__Source data__
++++++++++++++++++++
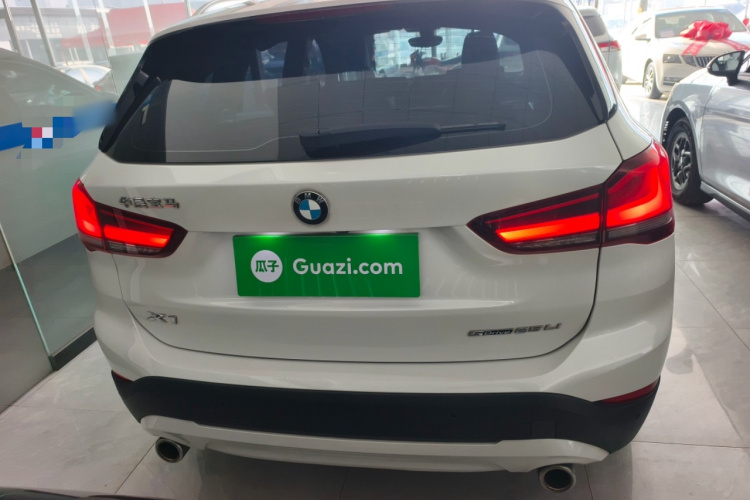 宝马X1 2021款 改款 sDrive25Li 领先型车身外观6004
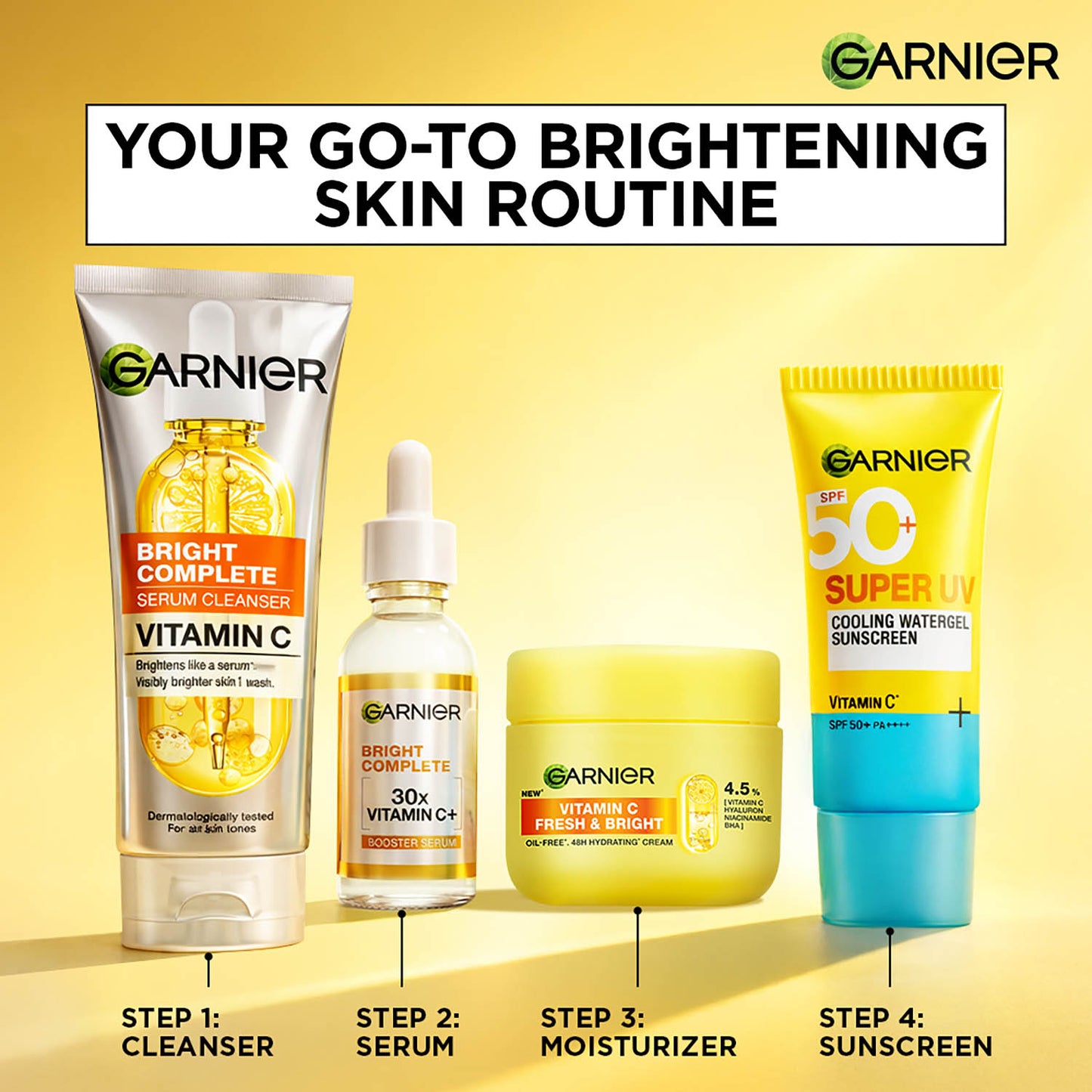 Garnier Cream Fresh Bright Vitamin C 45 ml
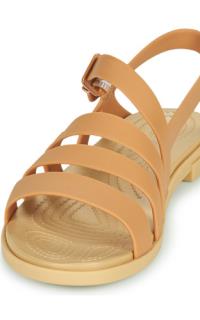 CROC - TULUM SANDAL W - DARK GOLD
++++++++++++++++++++
__What to work on__
For the data above, return an exact copy that contains no pictures.

__Task answer__
 宝马X1 2021款 改款 sDrive25Li 领先型车身外观6004
 Garnier Cream Fresh Bright Vitamin C 45 ml
 CROC - TULUM SANDAL W - DARK GOLD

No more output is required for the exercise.